**WORK TO COMPLETE:** Return only the tail of the data below, word for word: the line with "ZAQYCM Ultra Thin" and each line after it through the final one.

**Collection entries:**
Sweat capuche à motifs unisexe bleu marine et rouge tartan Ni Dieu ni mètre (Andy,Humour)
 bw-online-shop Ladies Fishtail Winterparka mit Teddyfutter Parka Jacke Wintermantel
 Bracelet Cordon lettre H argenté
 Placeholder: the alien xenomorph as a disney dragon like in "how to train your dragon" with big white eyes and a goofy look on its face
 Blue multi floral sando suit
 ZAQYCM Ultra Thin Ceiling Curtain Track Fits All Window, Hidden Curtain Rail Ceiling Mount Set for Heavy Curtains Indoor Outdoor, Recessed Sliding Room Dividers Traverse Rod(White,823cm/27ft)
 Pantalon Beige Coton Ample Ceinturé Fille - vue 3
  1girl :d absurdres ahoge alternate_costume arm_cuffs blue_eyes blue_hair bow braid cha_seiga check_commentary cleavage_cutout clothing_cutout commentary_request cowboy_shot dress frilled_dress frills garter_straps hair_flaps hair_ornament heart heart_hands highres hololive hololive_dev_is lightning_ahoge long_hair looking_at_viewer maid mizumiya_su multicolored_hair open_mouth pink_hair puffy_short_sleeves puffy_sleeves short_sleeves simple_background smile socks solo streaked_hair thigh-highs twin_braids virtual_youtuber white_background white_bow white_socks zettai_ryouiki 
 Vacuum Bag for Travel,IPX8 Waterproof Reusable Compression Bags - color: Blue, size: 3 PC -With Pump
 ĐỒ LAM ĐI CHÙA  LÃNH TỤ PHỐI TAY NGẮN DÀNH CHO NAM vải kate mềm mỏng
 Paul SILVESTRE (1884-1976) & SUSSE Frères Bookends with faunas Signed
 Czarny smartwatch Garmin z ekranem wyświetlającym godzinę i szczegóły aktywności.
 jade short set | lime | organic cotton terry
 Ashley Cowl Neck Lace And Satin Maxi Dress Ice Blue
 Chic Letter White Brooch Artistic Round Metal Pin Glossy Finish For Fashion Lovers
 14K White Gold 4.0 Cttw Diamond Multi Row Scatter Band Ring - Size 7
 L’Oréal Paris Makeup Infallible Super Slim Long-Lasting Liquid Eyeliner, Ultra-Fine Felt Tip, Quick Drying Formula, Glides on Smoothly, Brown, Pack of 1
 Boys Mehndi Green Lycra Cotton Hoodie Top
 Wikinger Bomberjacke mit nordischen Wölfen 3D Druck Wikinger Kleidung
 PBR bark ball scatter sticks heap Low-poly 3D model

**RESPONSE TO THE TASK:**
 ZAQYCM Ultra Thin Ceiling Curtain Track Fits All Window, Hidden Curtain Rail Ceiling Mount Set for Heavy Curtains Indoor Outdoor, Recessed Sliding Room Dividers Traverse Rod(White,823cm/27ft)
 Pantalon Beige Coton Ample Ceinturé Fille - vue 3
  1girl :d absurdres ahoge alternate_costume arm_cuffs blue_eyes blue_hair bow braid cha_seiga check_commentary cleavage_cutout clothing_cutout commentary_request cowboy_shot dress frilled_dress frills garter_straps hair_flaps hair_ornament heart heart_hands highres hololive hololive_dev_is lightning_ahoge long_hair looking_at_viewer maid mizumiya_su multicolored_hair open_mouth pink_hair puffy_short_sleeves puffy_sleeves short_sleeves simple_background smile socks solo streaked_hair thigh-highs twin_braids virtual_youtuber white_background white_bow white_socks zettai_ryouiki 
 Vacuum Bag for Travel,IPX8 Waterproof Reusable Compression Bags - color: Blue, size: 3 PC -With Pump
 ĐỒ LAM ĐI CHÙA  LÃNH TỤ PHỐI TAY NGẮN DÀNH CHO NAM vải kate mềm mỏng
 Paul SILVESTRE (1884-1976) & SUSSE Frères Bookends with faunas Signed
 Czarny smartwatch Garmin z ekranem wyświetlającym godzinę i szczegóły aktywności.
 jade short set | lime | organic cotton terry
 Ashley Cowl Neck Lace And Satin Maxi Dress Ice Blue
 Chic Letter White Brooch Artistic Round Metal Pin Glossy Finish For Fashion Lovers
 14K White Gold 4.0 Cttw Diamond Multi Row Scatter Band Ring - Size 7
 L’Oréal Paris Makeup Infallible Super Slim Long-Lasting Liquid Eyeliner, Ultra-Fine Felt Tip, Quick Drying Formula, Glides on Smoothly, Brown, Pack of 1
 Boys Mehndi Green Lycra Cotton Hoodie Top
 Wikinger Bomberjacke mit nordischen Wölfen 3D Druck Wikinger Kleidung
 PBR bark ball scatter sticks heap Low-poly 3D model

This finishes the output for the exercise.